Here's my list, in order of impact to either a) turf appearance or b) ease of use:
1. Reel Mower
2. Battery-operated sprayer (consistent pressure = even coverage = better appearance, plus points for ease of use)
3. Stick edger (simply can't get that look with a string trimmer)
4. Landscape blade (easier to match HOC with surrounding area without scalping)
5. Lesco spreader (more comfortable to push, handles terrain better/less bobbing).

Only considering equipment here, not use of chemicals. Most impactful _purchase_ of all time would probably go to PGR based on it's effects (less mowing, deeper color, thicker turf).


----------



## ksturfguy (Sep 25, 2018)

Great list @adgattoni. Thanks


----------



## TulsaFan (May 1, 2017)

Something I should add...If I was going to do a renovation including sod or sand, any similar cart to the 1,200 lb. Gorilla Cart would be my favorite piece of equipment. You will never regret buying one of those and you can probably find a good used one on Craigslist.


----------



## Hexadecimal 00FF00 (Sep 20, 2018)

Tough to answer. I really like my Rachio. Tow-behind 40" aerator is nice. So is my drag mat. My Echo blower - which has been abused - impresses me more and more every year it keeps kicking.

My least favorite is really easy to answer. Black and Decker Edge Hog. When I bought it ~20 (?) years ago (same time as the above mentioned Echo blower!) it made sense. Small property. Dragging the extension cord was no big deal. Now I live at a much bigger property and the cord is a real nuisance. But it, despite some encouragement, won't die. I can't bring myself to replace a fully functioning piece of equipment.


----------



## dmouw (Jul 17, 2018)

love my Rachio wifi sprinkler controller.


----------



## Scagfreedom48z+ (Oct 6, 2018)

Husqvarna 150 BT- best $300 I've ever spent

Sprayers Plus 150 EX- night and day spraying now compared to my Chapin backpack pump sprayer. Especially with the GCI turf nozzle.

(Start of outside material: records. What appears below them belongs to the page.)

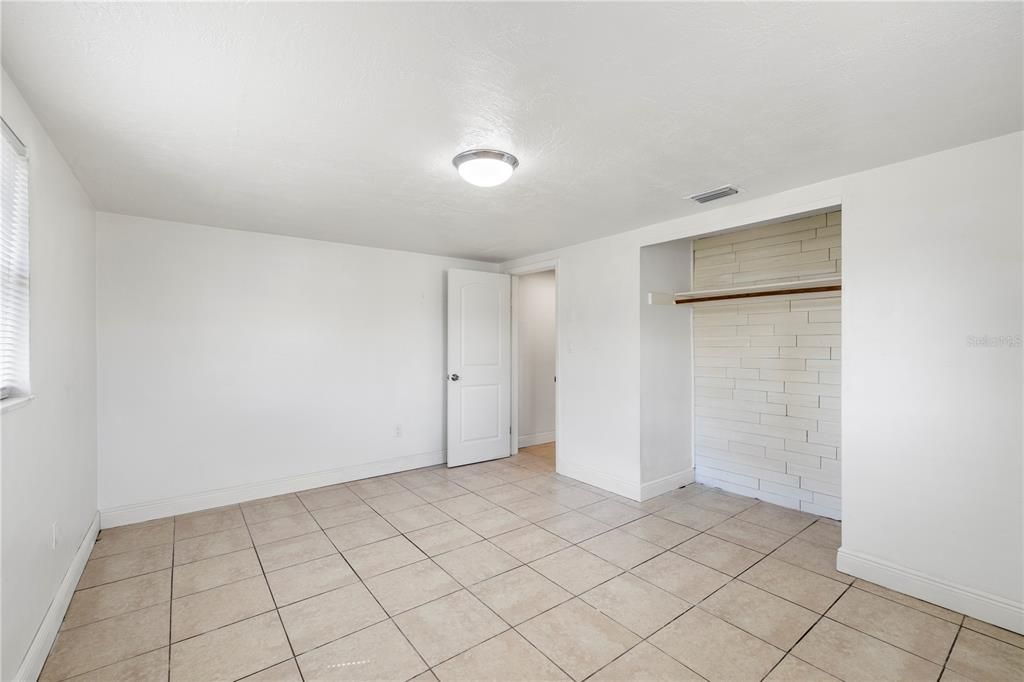 Active With Contract: $1,500 (3 beds, 1 baths, 1120 Square Feet)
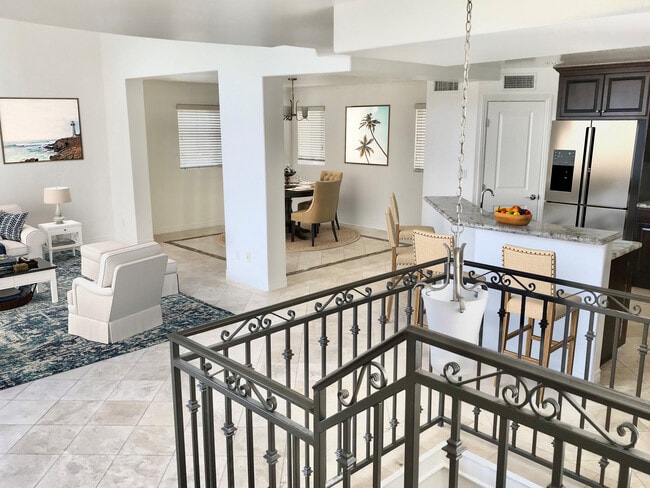 Great Room - 206 S Lucia Ave Townhome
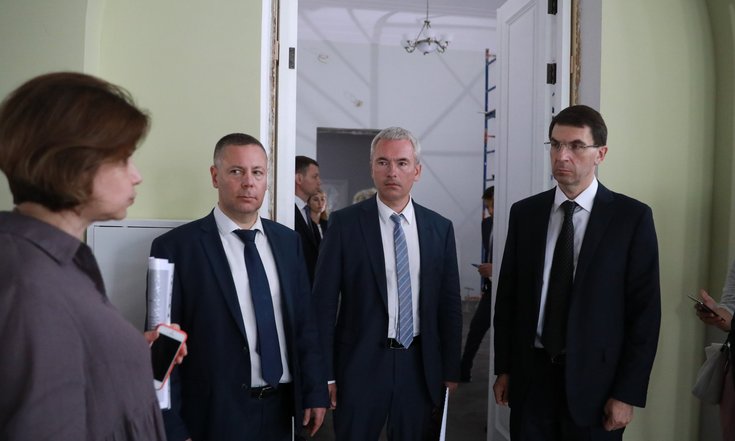 Ярославль, улица Кирова, 8/10. Осмотр Дома актера. Фото: пресс-служба правительства Ярославской области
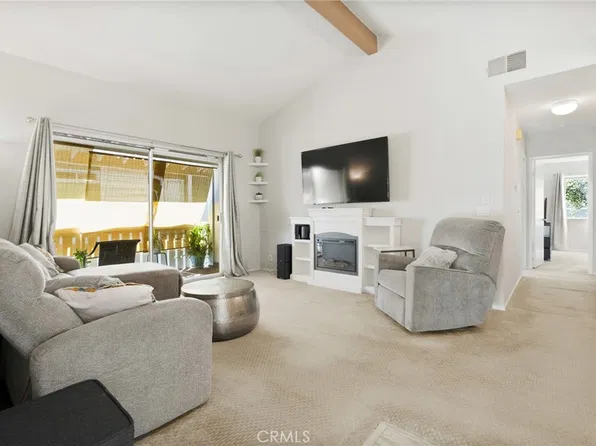 27646 Susan Beth Way Unit L, Santa Clarita, CA 91350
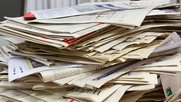 Auslaufmodell Papierzeitung: Weniger dramatisch schätzen die Medienschaffenden die Perspektiven für TV und vor allem Radio ein. (Bild Wikipedia)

Stihl KM 111R Kombi System - you get what you pay for- fantastic machinery

Stihl MS 271 Farm Boss- BEAST

Earthway 2150 spreader- a joy to
Spread with

Scotts Wizz- verdict is still out in durability but this little gadget pleasure to use, especially with small amount of UREA on the nitrogen blitz


----------



## ksturfguy (Sep 25, 2018)

adgattoni said:


> Here's my list, in order of impact to either a) turf appearance or b) ease of use:
> 1. Reel Mower
> 2. Battery-operated sprayer (consistent pressure = even coverage = better appearance, plus points for ease of use)
> 3. Stick edger (simply can't get that look with a string trimmer)
> ...


Do you spray all of your chemicals with the batter powered sprayer or do some of them work best with like a hose end sprayer?


----------



## ksturfguy (Sep 25, 2018)

Ware said:


> Aside from my mower, my Lesco Spreader and Spreader-Mate probably get the most use.
> 
> Also my Landscape Blade. :thumbup:


That Lesco Spreader and Spreader-Mate is a sweet setup. Ware. Thought about in the future buying a used riding lawn tractor and attaching a boom sprayer to it but heck 20,000 sqft isnt that bad to walk. Probably be similar price just to go with your setup.


----------



## crussell (Mar 12, 2018)

1.) Spyker Spreader + Drop in Sprayer Tank + Boom

2.) Husqvarna Power Rake w/ Delta Reel (for Verticutting)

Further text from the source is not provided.